DEA has regularly hired applicants it flagged as lying on their polygraphs
The agency also faces allegations of nepotism in its lie detector testing and a watchdog is saying the issues require "immediate attention" from management.
The Drug Enforcement Administration has for years violated its own policy of ruling out for employment candidates who fail or cheat on a polygraph examination, according to a watchdog review, which found the agency created potential security risks and the perception of unfair hiring practices.
The DEA has brought on 66 special agents and 11 intelligence research specialists who created a “significant response” during their required pre-employment lie-detector test—the term the agency uses to “indicate deception” during the exam—according to a mid-audit “management alert” sent on Wednesday by the Justice Department’s inspector general. Under a DEA policy established in 2019, any applicant who fails the test is disqualified for three years from the position and any other at the agency requiring a polygraph.
Applicants for certain DEA positions are given two polygraph exams during the hiring process, one for national security and the other for general suitability. Questions relate to past drug use, criminal activities, truthfulness on application materials and other issues. DEA has used polygraphs since 1994, but only started requiring that applicants pass them as a precondition for a job offer in 2019.
Human resources personnel for the agency told the auditors the 2019 policy only applied prospectively and it therefore continued to use the old procedures for any preexisting job posts. The IG found examples of applicants who failed polygraphs in 2020 and were onboarded as recently as 2021 or 2022, but the agency said they were applying to jobs originally posted before the policy change went into effect. The watchdog noted that dating back to at least 2016 DEA told applicants they had to pass screening exams. HR’s reasoning “runs contrary to the DEA job announcements,” the IG said.
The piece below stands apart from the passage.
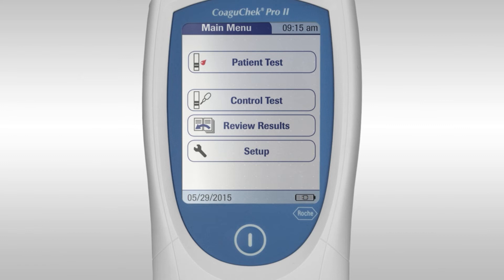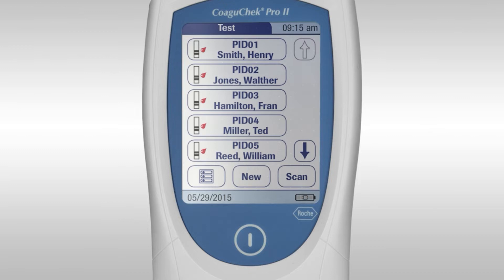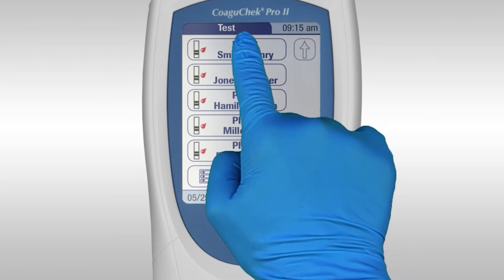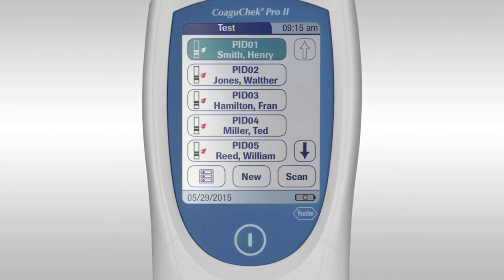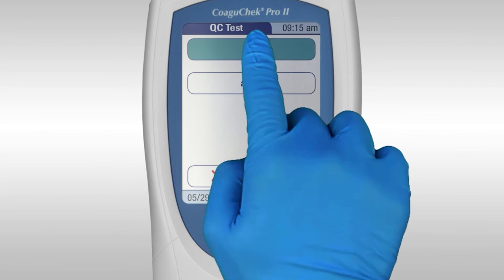To perform a patient test, press the patient test button. If the operator list is activated, select the correct patient. Alternatively, you can scan or type in the patient ID.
The IG also flagged that some employees disclosed legacy applicants related to current or former DEA employees were receiving special treatment with regard to the polygraphs. After the auditors initially informed agency officials about the issue earlier this year, DEA put out new guidance reminding staff to avoid nepotism in hiring. The watchdog said the reminder did not go far enough and DEA officials agreed to update and clarify the agency's nepotism policies.
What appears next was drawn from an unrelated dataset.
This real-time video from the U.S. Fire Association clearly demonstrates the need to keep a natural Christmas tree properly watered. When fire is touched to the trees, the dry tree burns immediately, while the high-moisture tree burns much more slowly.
Polygraphs are used throughout the government, including for any individual seeking at least a top secret security clearance. Their effectiveness has been called into question by many groups and researchers, including the American Psychological Association. The IG said that while the policy remains in effect, it is incumbent upon the agency to enforce it.
“Given the DEA’s determination that the successful passing of a polygraph examination is an important part of the hiring process,” the IG said, “these issues have resulted in potential security risks to DEA operations and the appearance of unfair hiring practices when individuals who have not completed the polygraph process are nonetheless hired by the DEA.”
The watchdog added the issue required "immediate attention" due to the "significant and unmitigated risks" presented by DEA's implementation.
DEA agreed to no longer hire any applicant who fails a polygraph, collect a full review of any employee who previously had failed and ensure that all of those individuals take a new exam for any other position for which they apply within the agency. Still, Michael Ciminelli, DEA’s acting chief compliance officer, disputed the IG’s finding that the agency acted in contrast to its policy. Prior to 2019, he said, DEA made clear that a polygraph would never be a sole factor in rejecting a candidate. When implementing the change, he added, agency officials explicitly stated that it would not apply retroactively.
“DEA has consistently followed the policy established in 2019 since its inception and will continue to do so,” Ciminelli said.